Tuesday, March 23, 2010

"But He Started It!" - Self-Defense Instruction Doesn't Always Apply

"The dog ate my homework."

"I only had two beers."

"I did not have sexual relations with that woman."

"Okay, even if I did, it was consensual."

"But he started it!" - Self-defense is one of the most commonly used defenses in criminal law.  Many times, this defense has merit, but sometimes (especially in homicide cases) it is a lame attempt to shift the attention of the jury from the acts of the obviously culpable defendant to the victim (who is usually a questionable character himself).  Can any defendant claim self-defense?  Sure, if the issue is raised by the evidence.  Are there limits to a defendant's right to a self-defense jury instruction?  You bet.
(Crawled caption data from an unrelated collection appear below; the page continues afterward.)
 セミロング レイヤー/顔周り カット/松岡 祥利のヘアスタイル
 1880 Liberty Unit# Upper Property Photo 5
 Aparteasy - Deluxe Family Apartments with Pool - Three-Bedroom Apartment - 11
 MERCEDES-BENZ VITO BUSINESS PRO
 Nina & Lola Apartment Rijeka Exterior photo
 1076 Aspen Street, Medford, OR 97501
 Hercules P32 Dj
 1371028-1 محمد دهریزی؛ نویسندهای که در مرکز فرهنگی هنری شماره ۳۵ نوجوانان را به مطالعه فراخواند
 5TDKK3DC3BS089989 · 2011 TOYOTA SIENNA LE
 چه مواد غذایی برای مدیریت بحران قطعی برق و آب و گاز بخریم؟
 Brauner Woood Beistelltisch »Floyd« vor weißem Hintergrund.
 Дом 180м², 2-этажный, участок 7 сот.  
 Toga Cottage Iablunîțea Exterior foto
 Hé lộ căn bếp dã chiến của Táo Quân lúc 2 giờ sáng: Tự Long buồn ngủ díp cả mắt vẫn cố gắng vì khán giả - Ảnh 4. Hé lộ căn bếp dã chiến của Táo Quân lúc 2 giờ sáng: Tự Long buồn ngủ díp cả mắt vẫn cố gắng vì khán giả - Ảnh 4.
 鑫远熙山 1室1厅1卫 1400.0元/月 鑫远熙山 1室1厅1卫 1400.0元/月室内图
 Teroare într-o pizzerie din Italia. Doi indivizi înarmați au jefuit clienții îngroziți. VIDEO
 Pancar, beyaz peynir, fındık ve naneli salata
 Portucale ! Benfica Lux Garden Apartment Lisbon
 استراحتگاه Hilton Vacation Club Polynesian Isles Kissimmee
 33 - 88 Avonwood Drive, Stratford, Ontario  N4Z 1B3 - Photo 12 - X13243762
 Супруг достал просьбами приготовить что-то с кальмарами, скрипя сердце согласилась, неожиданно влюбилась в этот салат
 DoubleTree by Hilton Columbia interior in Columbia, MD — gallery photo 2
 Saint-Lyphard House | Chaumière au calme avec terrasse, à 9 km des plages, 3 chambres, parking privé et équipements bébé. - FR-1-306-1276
One of those limitations is found in section 9.31(b)(5) of the Texas Penal Code, which provides:
The use of force against another is not justified if the actor sought an explanation from or a discussion with the other person concerning the actor's differences with the other person while the actor was... [unlawfully] carrying a weapon.
What exactly does "concerning the actor's differences with the other person" mean in the legal sense?  This issue was recently addressed by the 14th District Court of Appeals (Houston) in Hernandez v. State, in which the court dusted off the ole' Webster's dictionary and explained:
The term "differences" is not defined in the statute. Under the canons of statutory construction, we are to construe a statute according to its plain language. Edwards v. State, 273 S.W.3d 919, 921 (Tex. App.—Houston [14th Dist.] 2009, no pet.). In determining the plain meaning of the language of a statute, "[w]ords and phrases shall be read in context and construed according to the rules of grammar and common usage." Tex. Gov’t Code Ann. § 311.011(a) (Vernon 2005). The plain meaning of "differences" is a "disagreement of opinion," or "an instance of disagreement or a point upon which there is disagreement." Webster’s Third Int’l Dictionary 629 (1993) (third definition of "difference").
In Hernandez, because the defendant, while unlawfully carrying a weapon, sought out the victim to discuss a contentious matter ("differences"), the defendant was not entitled to a jury instruction on self-defense when he was later charged with the murder of the victim.  Murder conviction and life sentence affirmed.